Social media has become such a great avenue for this interaction, too. Facebook and Twitter have succeeded in carrying over this culture through the memes that pop up on our news feeds and timelines. Sometimes, all we need is to know that there are people out there going through the same letdowns we are, and outlets such as these allow for that reassurance. Some hugot are plucked out from the deepest disappointments, while others carry a certain wit that makes heartbreak seem a little less serious. Whether or not we feel that these lines are intended for us, others do find them comforting and helpful, and that could be the positivity these hugot have to offer.
Sometimes, however, hugot lose their magic, like for when they are delivered at the wrong time, or are just too forced. Often, these lines only work in situations that make attaining love seem impossible, and this can account for the AlDub phenomenon having lost its popularity. When the couple met, it seemed that the hopelessness that was once present vanished. The element of longing and impossibility has been lost, and is not as hugot-worthy as before.
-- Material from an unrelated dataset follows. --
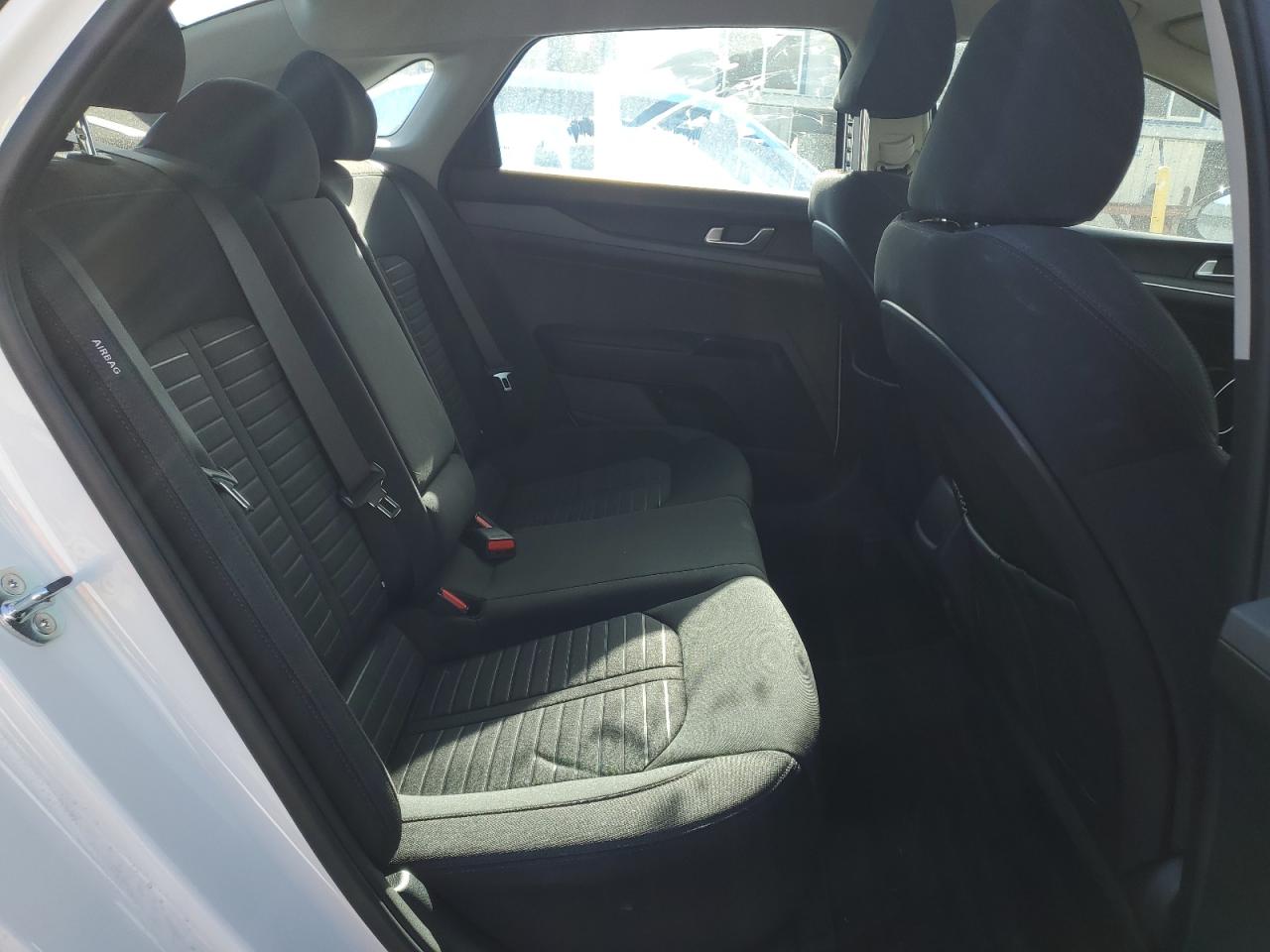 2025 Kia K5 Lxs VIN: KNAG24J72S5363348 Lot: 92956285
There exists an inner hugot in every Filipino, regardless of whether or not we are conscious of it. Hugot may just be part of the evolution that started with banats and puns that have proven their fame at one time. Although these lines may have a good and bad side to them, it is undeniable that they have been etched deep within our society, even deeper within our respective identities. It's quite unpredictable how far they will go, or even if they will still be used ten years from now. But one thing's for sure, we will always feel the need to express our feelings and emotions, and hugot is just one way of making that happen.